Parent, Teacher, Author
Natalie Portman won the Best Actress Academy Award for her portrayal in The Black Swan of a ballerina pursuing perfection to an unhealthy end. In this article by Dr. Michelle Borba, she talks about what she calls “Little Black Swan Syndrome.” Dr. Borba claims that the increasing pressures on young girls and women to achieve perfection is leading to high levels of mental health issues and behavioral problems. In my study of perfectionism, I’ve found that research supports that perfectionism can be a healthy motivator for achievement, but often times leads to depression. In fact, in a study that I conducted with my colleague, Dr. Mary Christopher, we found that highly able and gifted children and early adolescents who felt that their parents forced perfectionism on them tended to be more depressed.
But how do we know, as parents, when we’re forcing perfectionism on our child versus encouraging them to do their best? I would say that, from a mental health perspective, it’s when your child feels that they are trying to attain perfection in order to please you rather than themselves. There are some incredibly talented and highly driven kids out there, and they may be seeking high levels of achievement for themselves. In fact, there is a scale that measures whether perfectionism is driven by a desire to achieve an internal goal or reach goals that the child feels is being pushed by others. You could get someone to help you access that scale (The Child and Adolescent Perfectionism Scale). Or, pay attention to things like this:
1. Are you more excited about your child’s achievement then they are?
2. Who’s driving the pursuit of a certain goal, you or your child? If you’re the one with all the enthusiasm and your child is lagging, making excuses, even crying about pursuing a goal, it may be time to take a step back and ask yourself if this is for them or for you.
3. Remember that everybody has off days. I remember when I was pursuing my PhD, there were days when I wanted to quit, when I felt like I would never get there. But, then I’d bounce back. Your child is going to have the same kinds of moments. But when the “I hate this” moments are heavily out-weighing the “I love this” moments, it may be time to talk with your child about what they want.
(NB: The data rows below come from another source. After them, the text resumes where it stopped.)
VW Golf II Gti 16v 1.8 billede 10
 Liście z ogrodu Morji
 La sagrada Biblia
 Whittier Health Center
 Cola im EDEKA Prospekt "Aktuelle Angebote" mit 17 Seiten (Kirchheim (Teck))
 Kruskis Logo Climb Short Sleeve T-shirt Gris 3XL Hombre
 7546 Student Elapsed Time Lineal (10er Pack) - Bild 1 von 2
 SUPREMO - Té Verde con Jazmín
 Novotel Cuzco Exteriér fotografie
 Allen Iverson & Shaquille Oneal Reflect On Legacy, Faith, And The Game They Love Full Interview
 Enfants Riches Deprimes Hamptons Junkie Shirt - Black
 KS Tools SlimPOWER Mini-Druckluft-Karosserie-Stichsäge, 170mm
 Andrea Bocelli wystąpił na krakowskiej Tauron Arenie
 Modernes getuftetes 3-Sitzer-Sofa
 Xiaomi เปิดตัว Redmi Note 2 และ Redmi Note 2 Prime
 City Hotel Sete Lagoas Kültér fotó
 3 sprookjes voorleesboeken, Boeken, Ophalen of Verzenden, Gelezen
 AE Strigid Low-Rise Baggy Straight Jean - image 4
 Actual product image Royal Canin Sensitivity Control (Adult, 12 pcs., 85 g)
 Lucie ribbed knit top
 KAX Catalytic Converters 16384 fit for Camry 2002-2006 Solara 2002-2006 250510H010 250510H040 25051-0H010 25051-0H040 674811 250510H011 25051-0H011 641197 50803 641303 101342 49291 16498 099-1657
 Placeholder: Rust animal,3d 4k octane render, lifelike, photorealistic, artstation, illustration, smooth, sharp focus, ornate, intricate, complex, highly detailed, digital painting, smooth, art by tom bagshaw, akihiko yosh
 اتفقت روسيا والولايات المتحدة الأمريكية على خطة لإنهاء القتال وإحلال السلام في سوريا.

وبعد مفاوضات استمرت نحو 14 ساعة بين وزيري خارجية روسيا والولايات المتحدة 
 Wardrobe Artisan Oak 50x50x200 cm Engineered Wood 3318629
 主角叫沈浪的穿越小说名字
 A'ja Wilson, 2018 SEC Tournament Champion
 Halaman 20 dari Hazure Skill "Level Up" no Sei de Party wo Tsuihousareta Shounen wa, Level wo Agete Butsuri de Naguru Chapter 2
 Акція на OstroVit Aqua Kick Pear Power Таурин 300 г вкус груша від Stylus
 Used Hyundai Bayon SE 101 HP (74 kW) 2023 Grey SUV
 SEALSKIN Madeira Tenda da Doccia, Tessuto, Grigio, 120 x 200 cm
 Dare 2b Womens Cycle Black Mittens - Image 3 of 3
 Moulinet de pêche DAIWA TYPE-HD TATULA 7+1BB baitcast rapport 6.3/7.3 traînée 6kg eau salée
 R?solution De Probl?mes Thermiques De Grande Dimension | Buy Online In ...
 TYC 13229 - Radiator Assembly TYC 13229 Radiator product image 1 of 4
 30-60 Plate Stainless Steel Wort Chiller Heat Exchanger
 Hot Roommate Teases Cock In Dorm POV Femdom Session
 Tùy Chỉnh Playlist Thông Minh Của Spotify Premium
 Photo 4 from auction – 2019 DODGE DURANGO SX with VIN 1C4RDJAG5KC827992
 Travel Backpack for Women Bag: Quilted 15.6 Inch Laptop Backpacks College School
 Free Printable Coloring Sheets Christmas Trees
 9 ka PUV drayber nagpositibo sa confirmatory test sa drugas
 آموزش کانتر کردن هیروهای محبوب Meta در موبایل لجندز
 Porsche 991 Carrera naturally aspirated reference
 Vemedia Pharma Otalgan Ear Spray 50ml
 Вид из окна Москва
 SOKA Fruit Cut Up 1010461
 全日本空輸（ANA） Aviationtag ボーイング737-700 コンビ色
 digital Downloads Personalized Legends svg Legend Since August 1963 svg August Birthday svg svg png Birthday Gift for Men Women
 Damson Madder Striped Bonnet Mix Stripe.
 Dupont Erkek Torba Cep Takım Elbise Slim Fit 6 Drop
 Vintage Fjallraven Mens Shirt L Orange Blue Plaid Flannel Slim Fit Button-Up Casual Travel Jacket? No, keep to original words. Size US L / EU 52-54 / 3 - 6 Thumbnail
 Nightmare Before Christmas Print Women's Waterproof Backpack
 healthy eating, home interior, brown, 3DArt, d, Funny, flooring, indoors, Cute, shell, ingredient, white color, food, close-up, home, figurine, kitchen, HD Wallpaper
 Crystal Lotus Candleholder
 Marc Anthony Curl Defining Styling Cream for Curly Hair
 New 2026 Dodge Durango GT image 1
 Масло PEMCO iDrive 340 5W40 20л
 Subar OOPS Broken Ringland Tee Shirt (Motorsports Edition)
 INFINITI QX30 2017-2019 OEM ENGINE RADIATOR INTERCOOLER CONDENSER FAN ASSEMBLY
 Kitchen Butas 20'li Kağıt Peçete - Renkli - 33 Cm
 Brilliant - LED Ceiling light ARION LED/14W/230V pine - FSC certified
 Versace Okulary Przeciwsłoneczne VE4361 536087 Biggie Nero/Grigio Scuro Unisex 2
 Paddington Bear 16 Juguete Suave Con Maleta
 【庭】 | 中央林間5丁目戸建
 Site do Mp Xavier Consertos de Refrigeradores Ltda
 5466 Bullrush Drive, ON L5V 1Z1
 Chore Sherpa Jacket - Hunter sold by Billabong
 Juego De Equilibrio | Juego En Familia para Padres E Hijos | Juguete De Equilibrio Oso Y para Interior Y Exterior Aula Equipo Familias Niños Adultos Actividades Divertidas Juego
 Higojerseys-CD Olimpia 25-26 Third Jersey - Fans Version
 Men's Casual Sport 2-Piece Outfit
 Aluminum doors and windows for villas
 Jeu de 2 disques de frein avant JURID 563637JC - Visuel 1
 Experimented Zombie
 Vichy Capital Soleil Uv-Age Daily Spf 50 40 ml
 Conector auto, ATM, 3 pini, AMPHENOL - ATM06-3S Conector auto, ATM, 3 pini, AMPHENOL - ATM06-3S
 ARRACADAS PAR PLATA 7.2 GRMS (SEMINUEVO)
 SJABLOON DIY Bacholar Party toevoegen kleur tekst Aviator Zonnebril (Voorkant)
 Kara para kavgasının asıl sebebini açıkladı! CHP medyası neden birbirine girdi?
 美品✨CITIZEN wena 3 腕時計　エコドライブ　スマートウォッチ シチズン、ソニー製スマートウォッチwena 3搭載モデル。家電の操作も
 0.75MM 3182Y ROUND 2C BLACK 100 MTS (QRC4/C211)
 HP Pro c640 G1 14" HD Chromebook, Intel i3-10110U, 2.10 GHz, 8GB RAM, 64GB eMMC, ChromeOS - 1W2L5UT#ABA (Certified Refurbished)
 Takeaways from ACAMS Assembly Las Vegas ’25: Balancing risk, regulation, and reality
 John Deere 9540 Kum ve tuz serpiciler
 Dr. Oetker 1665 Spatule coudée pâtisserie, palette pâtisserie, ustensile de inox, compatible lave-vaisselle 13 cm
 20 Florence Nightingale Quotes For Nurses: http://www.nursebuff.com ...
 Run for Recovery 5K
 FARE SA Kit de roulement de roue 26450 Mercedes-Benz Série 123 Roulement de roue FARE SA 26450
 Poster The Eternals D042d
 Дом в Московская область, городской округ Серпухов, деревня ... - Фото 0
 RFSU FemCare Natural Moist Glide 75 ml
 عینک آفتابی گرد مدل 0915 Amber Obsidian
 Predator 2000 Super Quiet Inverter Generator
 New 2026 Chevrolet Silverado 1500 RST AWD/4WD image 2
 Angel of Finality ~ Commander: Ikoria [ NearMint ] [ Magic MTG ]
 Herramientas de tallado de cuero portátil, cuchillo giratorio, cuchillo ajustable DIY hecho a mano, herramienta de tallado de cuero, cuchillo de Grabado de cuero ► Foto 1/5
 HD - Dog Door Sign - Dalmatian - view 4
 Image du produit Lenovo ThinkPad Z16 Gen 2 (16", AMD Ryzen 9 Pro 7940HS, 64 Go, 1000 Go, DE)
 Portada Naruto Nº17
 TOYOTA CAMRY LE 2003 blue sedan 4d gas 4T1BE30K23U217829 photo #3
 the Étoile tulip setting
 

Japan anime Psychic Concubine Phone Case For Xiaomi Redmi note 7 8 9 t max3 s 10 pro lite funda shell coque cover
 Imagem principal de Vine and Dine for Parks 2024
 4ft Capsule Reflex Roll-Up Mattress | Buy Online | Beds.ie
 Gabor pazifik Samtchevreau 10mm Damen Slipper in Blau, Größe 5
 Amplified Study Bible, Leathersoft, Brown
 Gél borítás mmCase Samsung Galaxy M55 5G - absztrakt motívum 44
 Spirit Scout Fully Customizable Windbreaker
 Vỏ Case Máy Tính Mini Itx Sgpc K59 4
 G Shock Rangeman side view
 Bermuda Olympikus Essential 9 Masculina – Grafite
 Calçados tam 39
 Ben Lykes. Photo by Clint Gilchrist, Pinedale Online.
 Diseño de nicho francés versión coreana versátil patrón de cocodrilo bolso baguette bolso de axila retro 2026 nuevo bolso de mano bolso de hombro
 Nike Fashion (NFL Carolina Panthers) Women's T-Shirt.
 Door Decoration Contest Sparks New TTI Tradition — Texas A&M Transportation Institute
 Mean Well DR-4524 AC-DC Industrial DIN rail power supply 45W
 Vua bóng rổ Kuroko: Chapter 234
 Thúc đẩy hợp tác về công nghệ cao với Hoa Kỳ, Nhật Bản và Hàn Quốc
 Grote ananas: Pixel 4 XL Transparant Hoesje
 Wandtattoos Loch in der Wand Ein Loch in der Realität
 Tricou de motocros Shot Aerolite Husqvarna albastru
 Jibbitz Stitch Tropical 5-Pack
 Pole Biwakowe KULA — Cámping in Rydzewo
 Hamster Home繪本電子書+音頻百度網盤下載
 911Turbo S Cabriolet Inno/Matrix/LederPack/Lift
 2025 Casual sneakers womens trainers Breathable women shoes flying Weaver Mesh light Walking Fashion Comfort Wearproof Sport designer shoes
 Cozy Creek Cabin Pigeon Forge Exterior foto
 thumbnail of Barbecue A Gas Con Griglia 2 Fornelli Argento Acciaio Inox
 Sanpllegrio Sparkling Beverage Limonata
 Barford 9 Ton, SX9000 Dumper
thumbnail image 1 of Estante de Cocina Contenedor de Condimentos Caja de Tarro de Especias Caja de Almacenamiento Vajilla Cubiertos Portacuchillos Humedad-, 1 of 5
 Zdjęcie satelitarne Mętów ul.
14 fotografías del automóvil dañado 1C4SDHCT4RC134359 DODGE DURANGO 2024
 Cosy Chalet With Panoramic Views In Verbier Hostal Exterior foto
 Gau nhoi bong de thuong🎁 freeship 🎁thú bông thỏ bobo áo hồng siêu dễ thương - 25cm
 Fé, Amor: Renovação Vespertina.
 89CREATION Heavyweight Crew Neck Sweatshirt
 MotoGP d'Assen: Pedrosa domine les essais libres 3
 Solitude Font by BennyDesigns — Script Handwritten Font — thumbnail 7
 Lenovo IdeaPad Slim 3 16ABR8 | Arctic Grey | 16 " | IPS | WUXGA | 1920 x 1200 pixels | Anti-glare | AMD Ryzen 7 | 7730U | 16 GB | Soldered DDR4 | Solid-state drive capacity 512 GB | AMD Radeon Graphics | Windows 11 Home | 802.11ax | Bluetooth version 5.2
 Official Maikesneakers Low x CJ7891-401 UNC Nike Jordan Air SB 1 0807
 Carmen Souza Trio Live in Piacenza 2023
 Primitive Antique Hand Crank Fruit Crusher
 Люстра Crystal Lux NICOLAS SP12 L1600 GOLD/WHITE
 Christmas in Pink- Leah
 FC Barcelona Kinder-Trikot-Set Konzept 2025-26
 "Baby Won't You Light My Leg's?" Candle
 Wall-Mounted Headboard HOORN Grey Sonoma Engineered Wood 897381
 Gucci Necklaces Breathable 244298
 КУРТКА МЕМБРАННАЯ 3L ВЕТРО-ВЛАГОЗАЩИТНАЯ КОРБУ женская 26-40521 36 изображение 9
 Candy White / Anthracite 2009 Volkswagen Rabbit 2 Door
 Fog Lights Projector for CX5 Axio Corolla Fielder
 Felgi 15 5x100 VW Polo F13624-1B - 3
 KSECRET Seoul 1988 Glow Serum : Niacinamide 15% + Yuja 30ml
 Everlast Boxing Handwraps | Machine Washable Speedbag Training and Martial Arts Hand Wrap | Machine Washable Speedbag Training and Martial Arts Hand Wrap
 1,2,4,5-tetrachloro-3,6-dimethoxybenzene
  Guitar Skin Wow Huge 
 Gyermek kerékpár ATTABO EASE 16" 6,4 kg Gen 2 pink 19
So, what do we do? Many of us have ambitions for our children, and want them to have opportunities that we didn’t. We long to see their gifts recognized. These are all good things.
But here’s what I’d like you to remember, you are raising human beings, first and foremost. I do not agree with the Tiger Mother approach. My first goal for my children is for them to grow up to be people:
1. Who make the world a better place
2. Who know how to build and maintain authentic relationships
3. Who can assert themselves effectively to achieve their goals
If they become world-class dancers, pianists, soccer players, mathematicians, or whatever else, then well done. But if they achieve high acclaim for their accomplishments but don’t believe in themselves or know how to have authentic relationships, then I will feel as if I have failed. Those are the things that get my claws out. I’ll push them to struggle with friendships instead of giving up while also understanding that some relationships aren’t healthy, to stand up for themselves, to speak up when they need to do so. I want them to be world changers, not black swans.